The updates have been improved by feedback from students and colleagues who have taken the time to read them: thanks to Nadia Brashier, Adam Bulley, Alexis Carpenter, Ethan Harris, Catherine Ho, Sarah Kalinowski, Kevin Madore, Johannes Mahr, Paul Seli, Preston Thakral, Ruben van Genugten, John Wixted, and Jordana Wynn for their valuable input and insights. Im also greatly appreciative for many stimulating discussions with students in my freshman seminar at Harvard concerning the seven sins of memory, which Ive offered every few years since 2001 and will hopefully benefit from an updated course text. I also thank Susan Rabiner for planting the idea of a new edition and my editor at Houghton Mifflin Harcourt, Nicole Angeloro, for her interest and support throughout the revision process.
Finally, I dedicated the 2001 edition of this book to my wife, Susan, and my (now very impressive adult) daughters, Hannah and Emily, and with great satisfaction I do so again twenty years later.
D ANIEL S CHACTER
April 2021
Introduction
A Blessing Bestowed
by the Gods
I N YASUNARI KAWABATAS UNSETTLING short story Yumiura, a novelist receives an unexpected visit from a woman who says she knew him thirty years earlier. They met when he visited the town of Yumiura during a harbor festival, the woman explains. But the novelist cannot remember her. Plagued recently by other troublesome memory lapses, he sees this latest incident as a further sign of mental decline. His discomfort turns to alarm when the woman offers more revelations about what happened one day when he visited her room. You asked me to marry you, she recalls wistfully. The novelist reels while contemplating the magnitude of what he has forgotten. The woman explains that she has never forgotten their time together and feels continually burdened by her memories of him.

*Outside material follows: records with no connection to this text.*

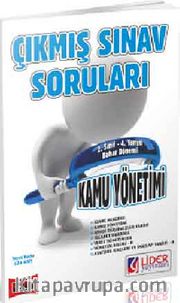 AÖF 2. Sınıf Bahar Dönemi (4. Yarıyıl) Kamu Yönetimi Çıkmış Sınav Soruları  (AF-624-KMY)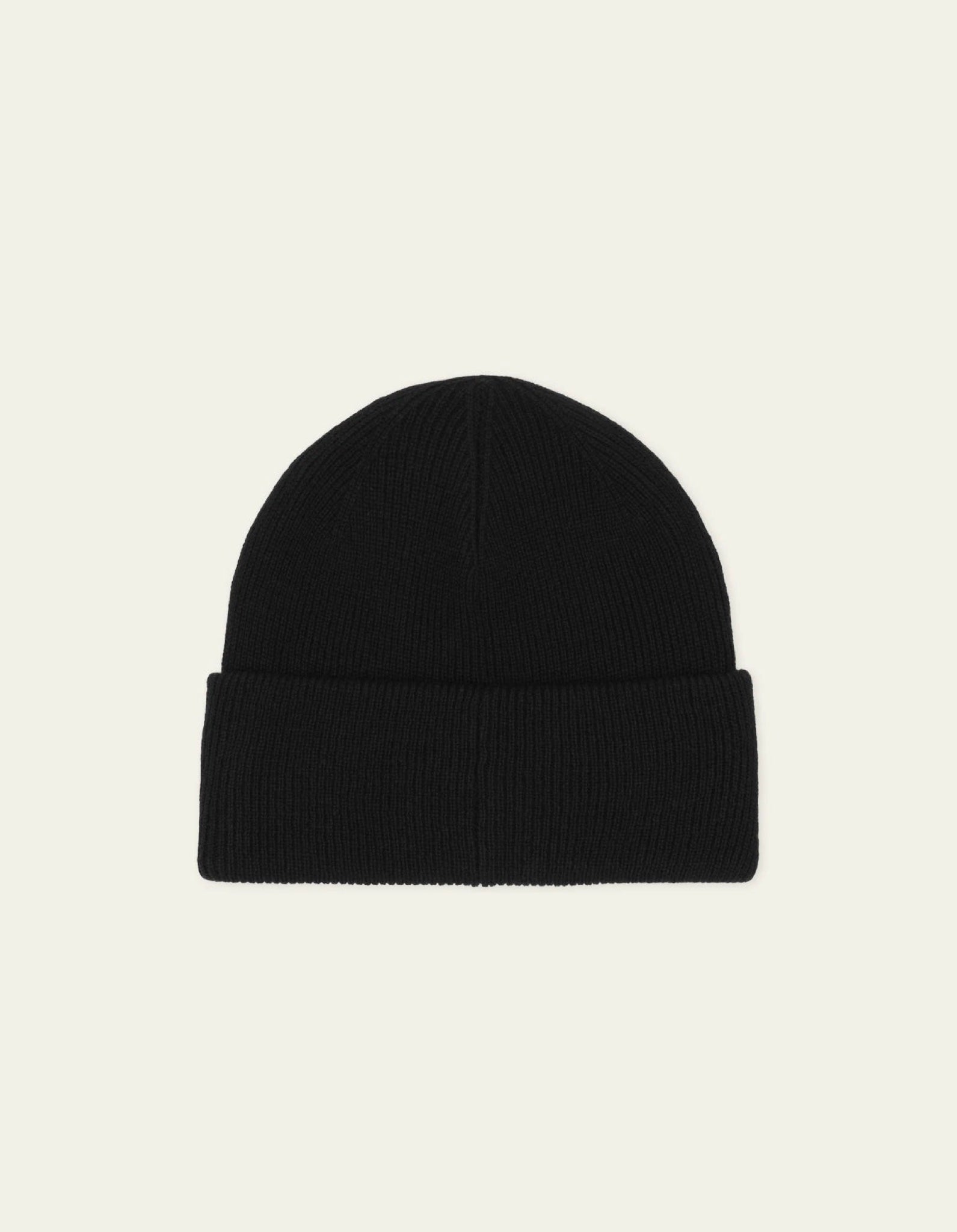 Signature Bonnet en laine — Noir — vue 2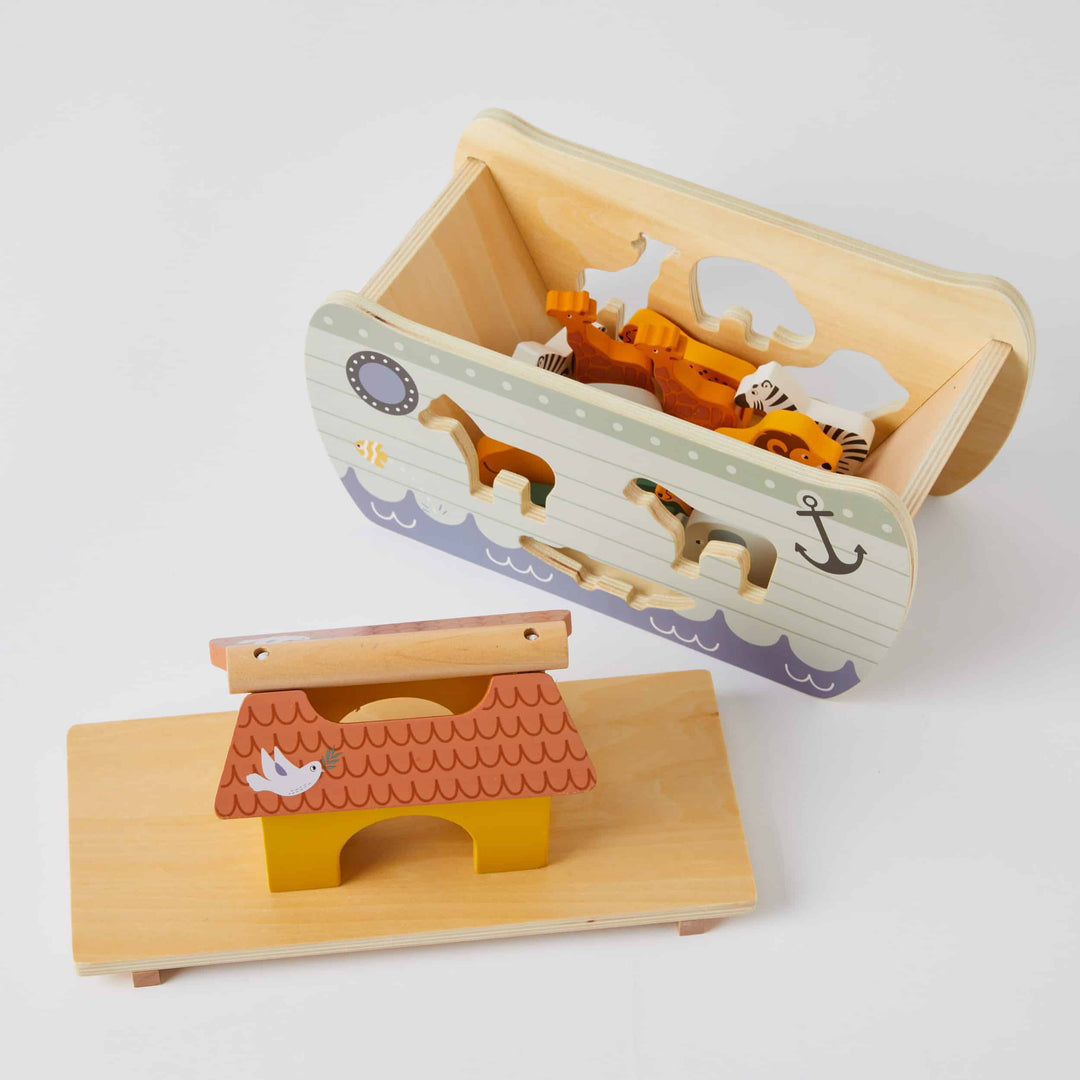 Wooden Noah’s Ark Shape Sorter Toy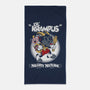 Lil' Krampus-none beach towel-Nemons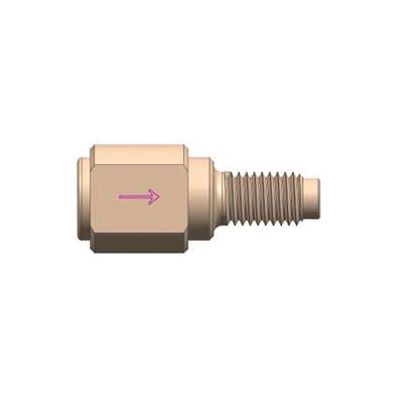 PEEK Einlass-Rückschlagventil mit O-Ring & Feder – 1/4-28 UNF - 1,5mm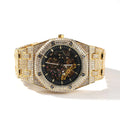 Hip Hop Full Diamond Hollow Case Mechanical Watch nowadaysfashion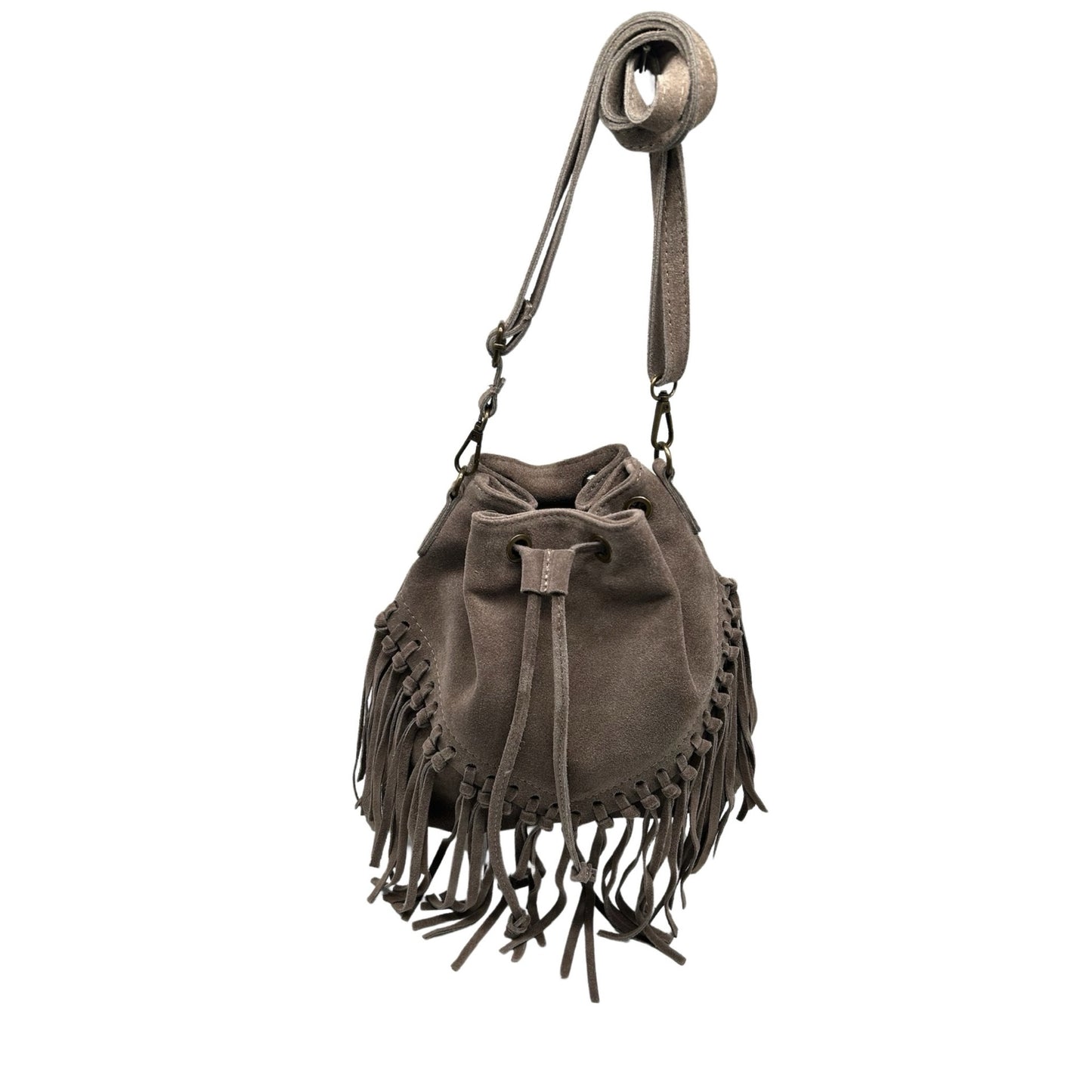 SAC SEAU CUIR SUEDE AURÉLIA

After she leaves, the shaken novelist searches maps for the town of Yumiura with the hope of triggering recall of the place and the reasons why he had gone there. But no maps or books list such a town. The novelist then realizes that he could not have been in the part of the country the woman described at the time she remembered. Though the woman believed that her detailed and heartfelt memories were accurate, they were entirely false.